Just my read of the future lay of the land.

Submitted by powayseller on December 31, 2006 - 4:37pm.

lostkitty, this is my laywoman's comments on what could prevent a refinance:
1) current value is less than borrower's home value, due to falling home value and too much equity withdrawn
2) borrower has at least one mortgage late payment, so lenders don't want to touch him
3) borrower's income is too low for a loan at today's 6% rate; he could qualify when Fed funds rate was 1%, 2%, 3%, 4%, but not at today's Fed funds rate of 5.25%
4) prepayment penalty of $10K or higher; I know several people who cited this as a reason they are delaying refinance; they hope the Fed will lower interest rates next year and by then their prepayment penalty will be expired
5) no money to pay closing costs. Closing fees are 1% or more of the loan amount, and cash-poor people have to put the closing fees into the loan amount. If the home's value is too low, they cannot fold in the closing costs, so basically, they lack the money to pay for a new loan
6) Once the State of CA follows the other 20 states that have adoped the new lending guidelines, many people will just not qualify for another loan they could afford
7) Borrower lost his job, because he's in construction, real estate, lending. No job, no loan. Thousands of construction workers are already laid off.
8) Borrower has too much debt, so the debt/income ratio is too high for a new loan. Maybe they took out a HELOC, car loan, and now their expenses are too high.

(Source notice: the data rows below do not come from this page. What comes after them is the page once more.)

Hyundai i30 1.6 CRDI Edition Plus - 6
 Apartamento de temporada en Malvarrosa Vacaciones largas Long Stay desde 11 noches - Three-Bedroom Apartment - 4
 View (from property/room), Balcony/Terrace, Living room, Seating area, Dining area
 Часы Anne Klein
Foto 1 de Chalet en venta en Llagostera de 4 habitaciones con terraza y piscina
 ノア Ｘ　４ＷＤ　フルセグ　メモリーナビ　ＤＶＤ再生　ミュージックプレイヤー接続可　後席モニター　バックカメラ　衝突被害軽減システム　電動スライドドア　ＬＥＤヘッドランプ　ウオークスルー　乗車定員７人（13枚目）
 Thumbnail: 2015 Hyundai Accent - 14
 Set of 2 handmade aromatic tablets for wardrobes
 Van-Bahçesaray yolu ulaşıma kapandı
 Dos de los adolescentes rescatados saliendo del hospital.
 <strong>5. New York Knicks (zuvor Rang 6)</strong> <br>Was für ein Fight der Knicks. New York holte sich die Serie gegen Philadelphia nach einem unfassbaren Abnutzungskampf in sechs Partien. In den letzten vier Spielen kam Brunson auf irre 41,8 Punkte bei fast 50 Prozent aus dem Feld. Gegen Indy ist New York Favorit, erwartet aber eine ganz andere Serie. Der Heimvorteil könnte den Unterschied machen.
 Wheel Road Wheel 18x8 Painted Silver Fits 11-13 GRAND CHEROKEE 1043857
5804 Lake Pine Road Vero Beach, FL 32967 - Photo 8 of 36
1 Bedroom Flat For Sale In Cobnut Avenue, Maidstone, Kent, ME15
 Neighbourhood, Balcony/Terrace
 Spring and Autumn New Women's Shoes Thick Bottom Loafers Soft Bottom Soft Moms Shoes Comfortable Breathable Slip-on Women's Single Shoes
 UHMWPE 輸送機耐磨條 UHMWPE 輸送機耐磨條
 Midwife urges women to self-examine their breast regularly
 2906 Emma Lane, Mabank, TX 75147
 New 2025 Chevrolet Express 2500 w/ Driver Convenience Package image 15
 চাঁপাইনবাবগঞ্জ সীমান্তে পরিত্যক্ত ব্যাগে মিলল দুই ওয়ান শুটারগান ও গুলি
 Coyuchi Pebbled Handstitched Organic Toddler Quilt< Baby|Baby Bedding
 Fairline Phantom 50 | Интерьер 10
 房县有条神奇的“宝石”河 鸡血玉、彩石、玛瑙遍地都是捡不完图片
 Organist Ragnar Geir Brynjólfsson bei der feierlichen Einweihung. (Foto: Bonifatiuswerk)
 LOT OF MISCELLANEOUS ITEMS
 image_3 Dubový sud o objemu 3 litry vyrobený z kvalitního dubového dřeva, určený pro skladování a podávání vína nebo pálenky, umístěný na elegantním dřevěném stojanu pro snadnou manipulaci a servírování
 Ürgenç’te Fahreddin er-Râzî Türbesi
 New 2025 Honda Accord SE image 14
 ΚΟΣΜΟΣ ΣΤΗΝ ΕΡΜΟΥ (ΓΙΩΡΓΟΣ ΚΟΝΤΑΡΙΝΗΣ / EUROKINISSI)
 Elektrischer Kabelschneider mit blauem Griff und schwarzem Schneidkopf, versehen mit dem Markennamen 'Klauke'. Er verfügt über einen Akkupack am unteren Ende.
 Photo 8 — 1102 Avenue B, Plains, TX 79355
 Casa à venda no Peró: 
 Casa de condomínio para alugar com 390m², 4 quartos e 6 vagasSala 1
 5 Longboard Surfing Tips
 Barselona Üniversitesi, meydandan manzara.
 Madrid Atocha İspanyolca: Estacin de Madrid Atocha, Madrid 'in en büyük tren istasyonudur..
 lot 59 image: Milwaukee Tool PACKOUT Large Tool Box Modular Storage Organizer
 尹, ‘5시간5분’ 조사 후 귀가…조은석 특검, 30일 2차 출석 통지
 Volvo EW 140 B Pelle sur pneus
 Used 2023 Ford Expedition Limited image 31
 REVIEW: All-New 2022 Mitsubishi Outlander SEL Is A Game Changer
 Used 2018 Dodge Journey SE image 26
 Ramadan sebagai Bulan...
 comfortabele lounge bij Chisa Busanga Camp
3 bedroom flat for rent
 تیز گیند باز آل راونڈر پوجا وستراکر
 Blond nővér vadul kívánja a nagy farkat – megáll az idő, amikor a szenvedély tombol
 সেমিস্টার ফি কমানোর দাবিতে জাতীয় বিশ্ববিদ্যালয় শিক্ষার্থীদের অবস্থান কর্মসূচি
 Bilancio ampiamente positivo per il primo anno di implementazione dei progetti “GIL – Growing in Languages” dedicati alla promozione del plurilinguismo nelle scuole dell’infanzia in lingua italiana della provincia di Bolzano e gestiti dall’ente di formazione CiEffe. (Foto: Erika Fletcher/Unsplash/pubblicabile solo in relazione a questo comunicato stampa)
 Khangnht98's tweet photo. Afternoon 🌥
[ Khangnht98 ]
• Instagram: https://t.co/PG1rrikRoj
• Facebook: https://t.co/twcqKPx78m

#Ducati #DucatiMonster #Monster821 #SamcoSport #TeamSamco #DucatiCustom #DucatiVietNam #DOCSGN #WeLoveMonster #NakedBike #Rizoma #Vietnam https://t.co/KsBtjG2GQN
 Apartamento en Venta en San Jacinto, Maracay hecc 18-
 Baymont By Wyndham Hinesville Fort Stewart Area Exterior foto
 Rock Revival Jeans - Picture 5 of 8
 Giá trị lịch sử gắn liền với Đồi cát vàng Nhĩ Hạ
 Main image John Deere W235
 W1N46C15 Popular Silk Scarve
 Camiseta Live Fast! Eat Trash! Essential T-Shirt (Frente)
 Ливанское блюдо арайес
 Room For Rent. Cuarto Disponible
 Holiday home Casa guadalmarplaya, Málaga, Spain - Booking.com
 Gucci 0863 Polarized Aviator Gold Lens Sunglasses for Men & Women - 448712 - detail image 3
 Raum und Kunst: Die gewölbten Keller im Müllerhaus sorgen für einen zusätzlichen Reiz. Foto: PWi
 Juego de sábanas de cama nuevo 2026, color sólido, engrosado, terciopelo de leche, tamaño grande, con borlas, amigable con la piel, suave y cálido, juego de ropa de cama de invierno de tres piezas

Nonetheless, there are still plenty of people refinancing, as proven by the Mortgage Banker Association Refinance Index.

It's interesting that Fannie Mae (or Freddie Mac) said that 88% of their refis this year are at a higher interest rate, so people are refinancing into more expensive loans just to get cash out. (The CEO did not say it was to transfer from a lower cost adjustable loan into a more expensive fixed rate loan - he specifically said it indicated cashing out. So he may be referring to conforming loans which refinanced, rather than all loans.)